Woman Leaves Missed Connection Message for the Man Who Harassed Her
It starts off typically enough, with scene-setting descriptions of the star-crossed strangers.
But that's where this Craigslist Missed Connection post, written by an anonymous 27-year-old from Minneapolis to her middle-aged "suitor," takes an unexpected turn:
I know how it is. That quittin' time whistle blows, announcing the weekend, and you get that rush of adrenaline that only comes on Friday afternoons, when the whole world is your oyster and all you need is the freedom to shuck it and some beer to wash it down. You make the minimum requisite small talk with your colleagues as you bolt for your car in the corporate wasteland parking lot and get excited at the notion of beating the traffic home. Maybe your classic rock radio station starts to play your favorite Creed song right as your engine turns on and you're feeling extra lucky.

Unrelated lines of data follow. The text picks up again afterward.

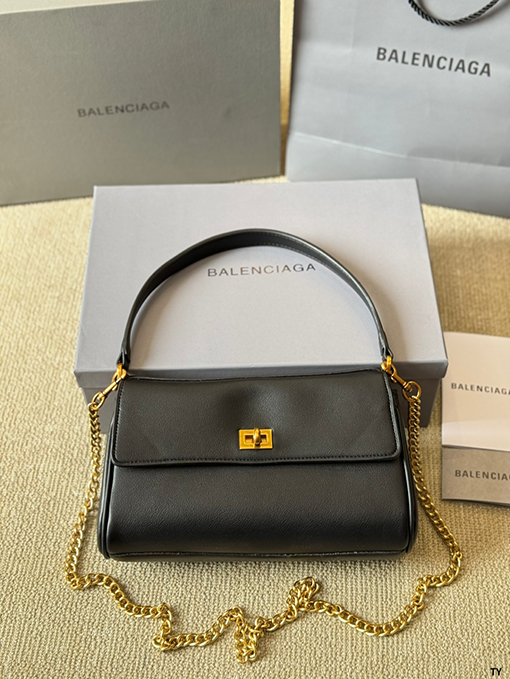 バレンシアガBalenciaga share 新しいRodeoNanoショルダーバッグ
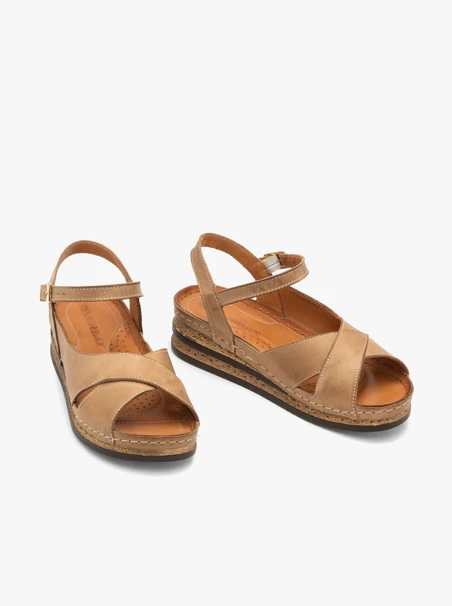 Beige Damen Plateausandalen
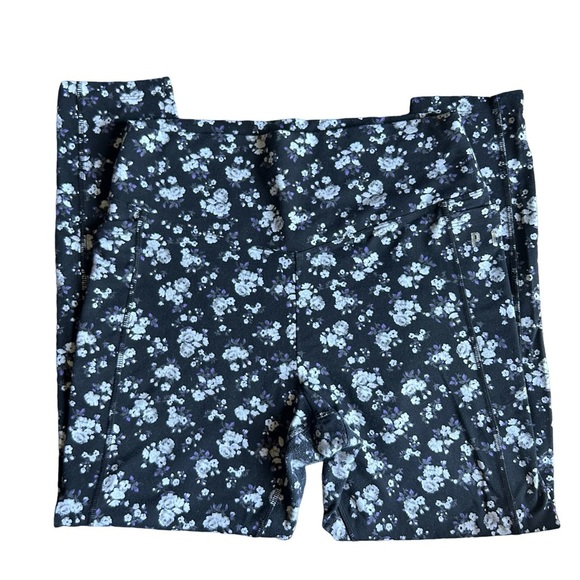 Victoria's Secret Pink Floral Leggings with pockets - Picture 3 of 7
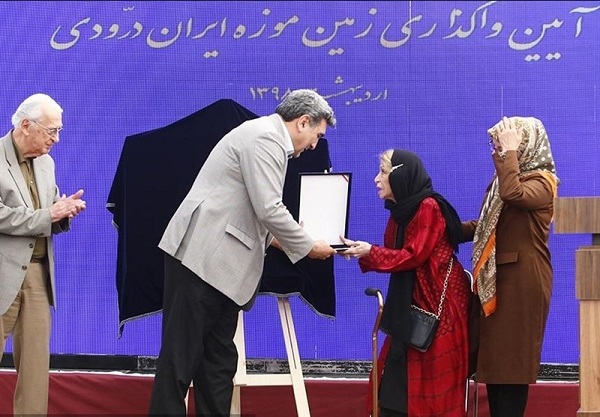 تلاش مدیران شهرداری تهران برای افتتاح موزه دوست فرح پهلوی!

And that's where you find your psyche as you approach the intersection to turn onto 34th - you're a man with nothing to lose and an open road ahead of you.
So, that's where we were. Me, minding my own business. You, apparently observing my ass. At that point you had options. You could have driven past me and said nothing. You could have turned up your radio and waved, ensconcing us in some beats and camaraderie. You could have shouted out, "Happy Friday! Yeehaw!" Any of those options would have been great. I probably would have waved, smiled, and started my weekend on the same high note as you.
Instead, you chose the most pathetic option available to you: You leaned out of your window and made some ridiculous series of leering comments about whether I was wearing a thong, right as the light changed and you peeled off, pleased with yourself and saved from any consequences.
You can probably see where this is going, but just in case it wasn't immediately clear, the post's author isn't exactly looking to hook back up with the one who sped away.
Still, she manages to turn the troubling incident into a teachable moment and helpfully provides a breakdown of the what not to do when looking for your One True Love at a stoplight.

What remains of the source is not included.